Già l’idea di partenza, ossia riunire i potentati politico-economici mondiali, che per la maggior parte devono il loro status alla supremazia sulle risorse, tanto reali quanto finanziarie, al fine di delineare strategie economiche per la collettività, risulta essere un ossimoro. Insomma, il capitalismo è un sistema di sviluppo basato sulla disuguaglianza, ancor di più nell’ambito del mercato globalizzato, nonché irrimediabilmente tendente al monopolio e all’accentramento della ricchezza. Cosa dovrebbe scaturire dai suoi custodi, se non una serie di dichiarazioni di intenti del tutto dimenticati una volta di fronte al primo andamento trimestrale dell’azienda di riferimento? Eppure, l’argomento principale è stato proprio la lotta alle disuguaglianze, coadiuvato dalla sostenibilità ambientale.

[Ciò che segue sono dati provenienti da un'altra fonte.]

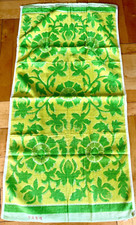 Chinesisches Badetuch Badestola Handtuch Blumen 50/99cm 1970er UNBENUTZT /P2618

Contentino per gli attivisti climatici (e riflettori mediatici per Greta Thumberg, di ritorno dopo aver ottenuto la notorietà mondiale proprio durante la scorsa edizione) a parte, di rispetto per l’ambiente da parte delle élite globali, a partire dall’ambito dello stesso Forum di Davos, se n’è visto ben poco. La credibilità di una posizione passa anche dalla coerenza di chi la assume, dunque il semplice arrivare ad un convegno sull’ambiente accompagnati da stuoli di jet privati e automobili ruggenti quantomeno una risata dovrebbe strapparla. Una di quelle per non piangere. Del resto, se il sistema economico-produttivo ammettesse una sensibilità ambientale, la questione della sostenibilità non si sarebbe venuta a creare, mentre sono ormai quasi tre decenni che si sviscera a parole, in qualunque ambito, dimenticandone soltanto un aspetto: trovare soluzioni. Per quanto le tematiche legate alla battaglia della giovane svedese (e lo scambio di opinioni a muso duro con Trump) attirino la maggior parte dei riflettori, il Forum è innanzitutto una kermesse di economia e come tale viene anticipato da un report che disegna la mappa delle disuguaglianze nel mondo, messo a disposizione dalla ONG Oxfam.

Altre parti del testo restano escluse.